:: TASK PROMPT ::
An exact copy is needed of the lines from the one that contains "Карта Пробизнесбанк, Акционерный" through the final line of the data below, with pictures left out.

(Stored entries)
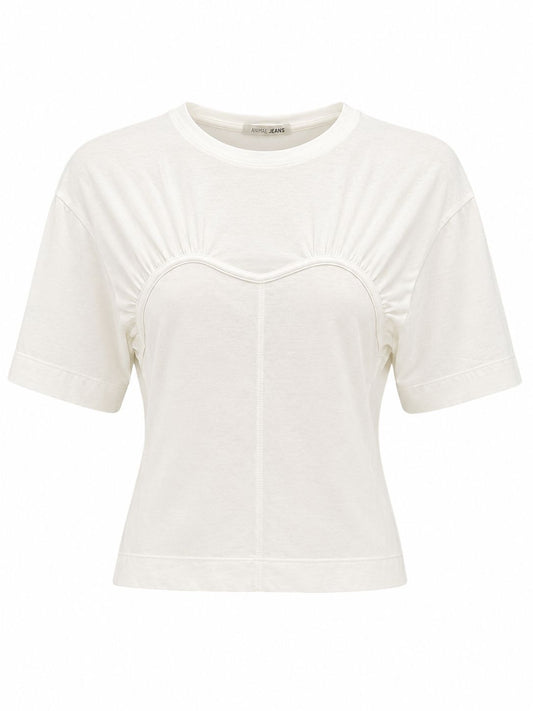 T-shirt Top Sobreposto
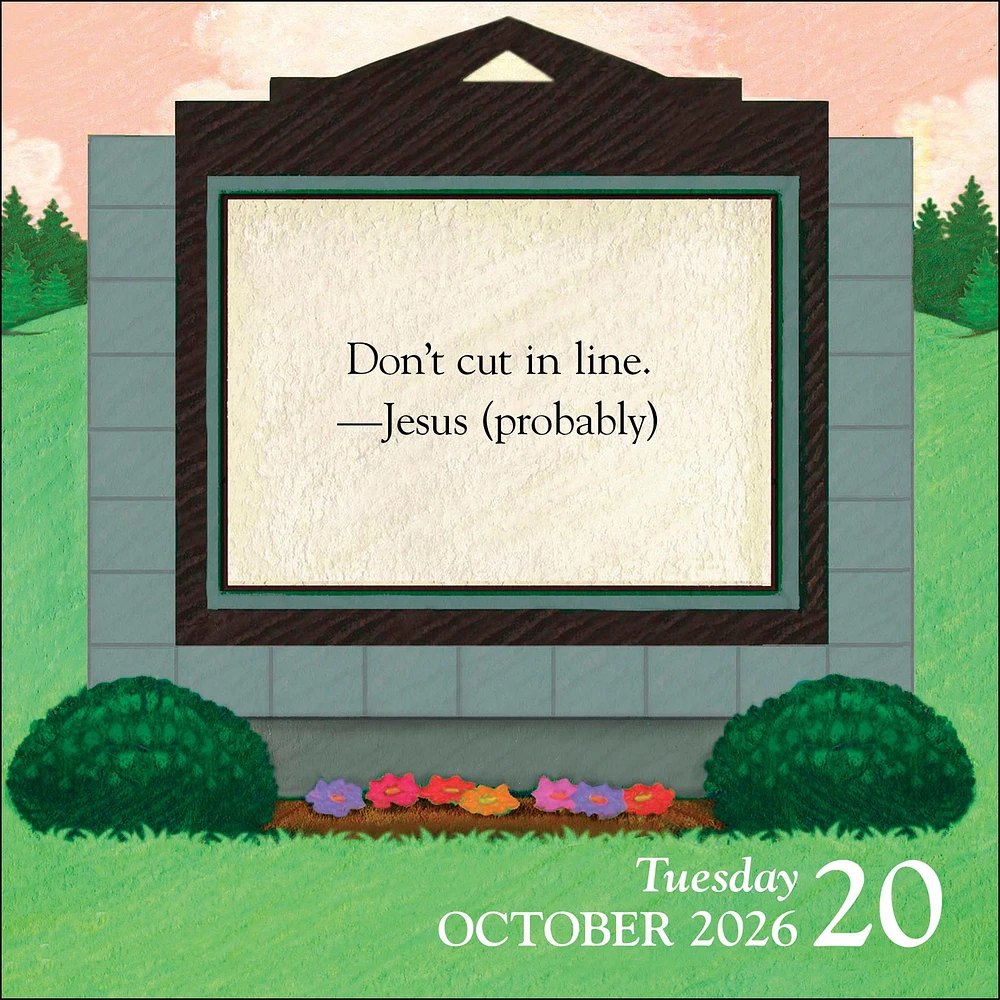 Church Signs 2026 Box Calendar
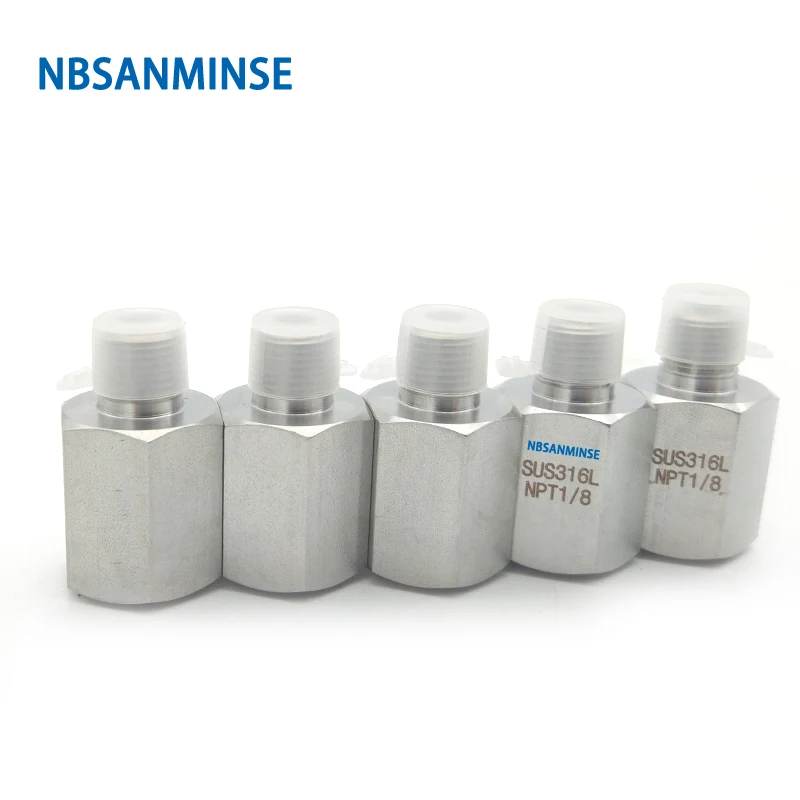 NBSANMINSE 5Pcs/Lot RA NPT 1/8 1/4 3/8 1/2 3/4 1 Reducing Adaptor Stainless Steel 316L  Plumbing Fitting High Quality 3000 Psi
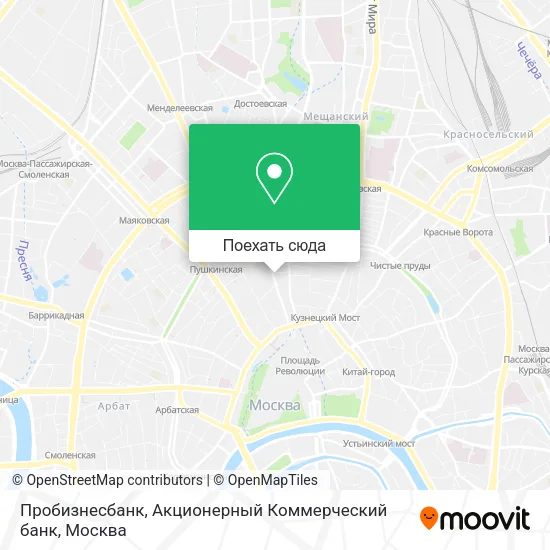 Карта Пробизнесбанк, Акционерный Коммерческий банк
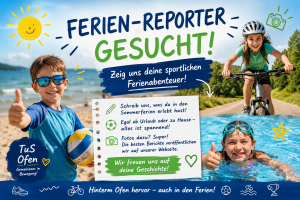 Sommerferien-Aktion: Zeigt uns eure sportlichen Ferien!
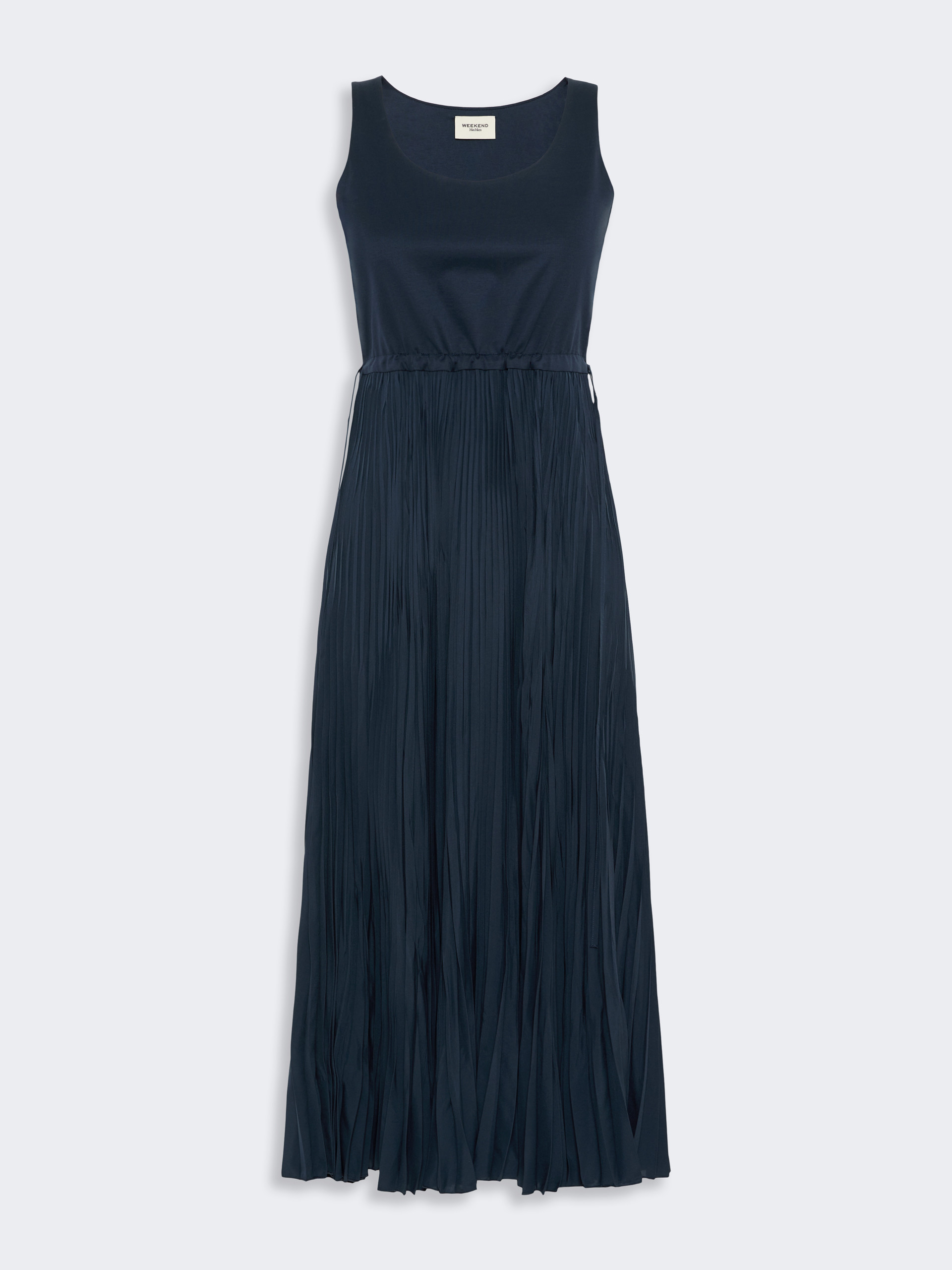 Jersey dress with a plissé-pleated skirt - Weekend Max Mara - 5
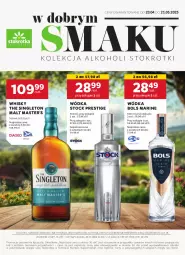 Gazetka promocyjna Stokrotka - W dobrym Smaku - Gazetka - ważna od 21.05 do 21.05.2025 - strona 1 - produkty: Koc, Bols, Optima, Wódka, Stock, Whisky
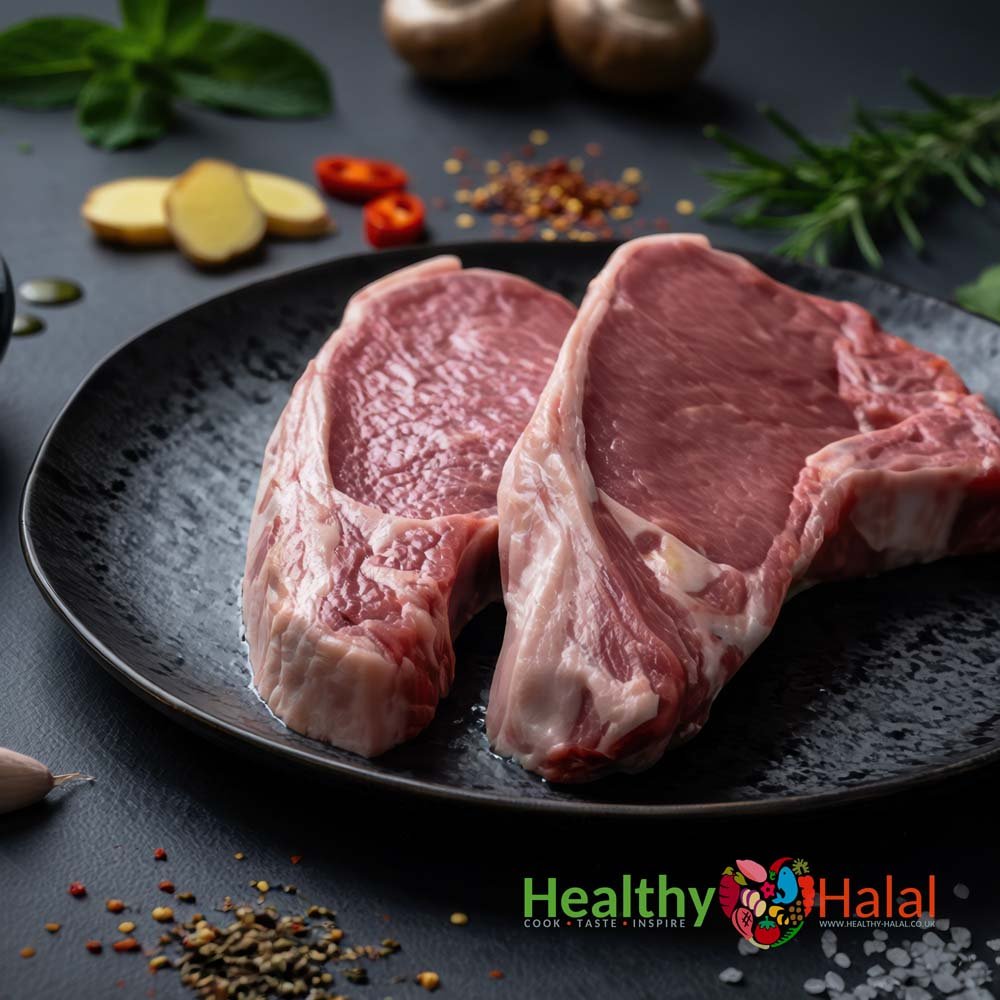 Rose Veal Front Chops - Healthy Halal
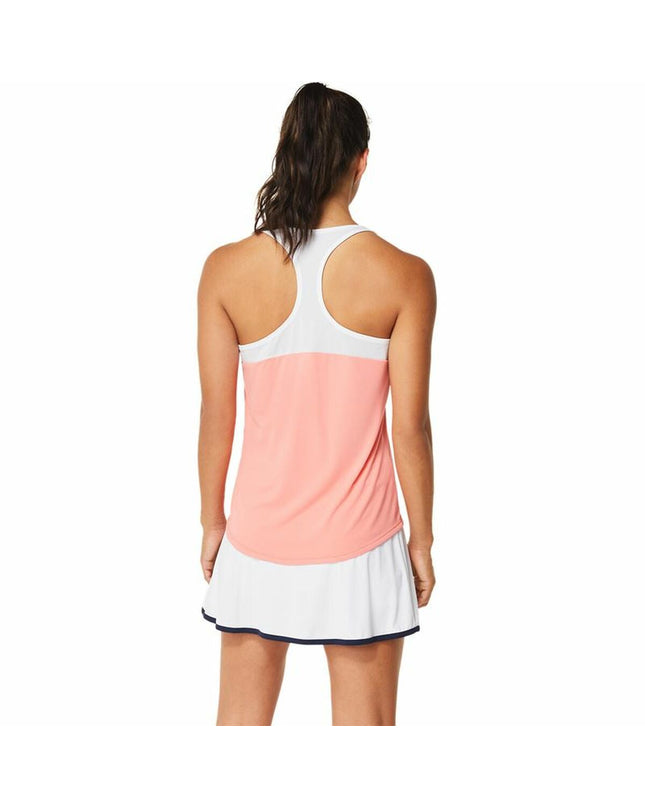 Asics women's tennis tank top in lightweight fabric, designed for sport and outdoor tennis activities.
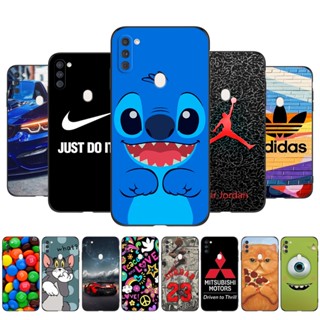 เคสโทรศัพท์ซิลิโคน tpu แบบนิ่ม ลาย Stitch สีดํา สําหรับ Samsung A11 6.4 นิ้ว A11 A11 A 11 a115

:: ANSWER SPACE ::
 Карта Пробизнесбанк, Акционерный Коммерческий банк
 Sommerferien-Aktion: Zeigt uns eure sportlichen Ferien!
 Jersey dress with a plissé-pleated skirt - Weekend Max Mara - 5
 Gazetka promocyjna Stokrotka - W dobrym Smaku - Gazetka - ważna od 21.05 do 21.05.2025 - strona 1 - produkty: Koc, Bols, Optima, Wódka, Stock, Whisky
 Rose Veal Front Chops - Healthy Halal
 Asics women's tennis tank top in lightweight fabric, designed for sport and outdoor tennis activities.
 เคสโทรศัพท์ซิลิโคน tpu แบบนิ่ม ลาย Stitch สีดํา สําหรับ Samsung A11 6.4 นิ้ว A11 A11 A 11 a115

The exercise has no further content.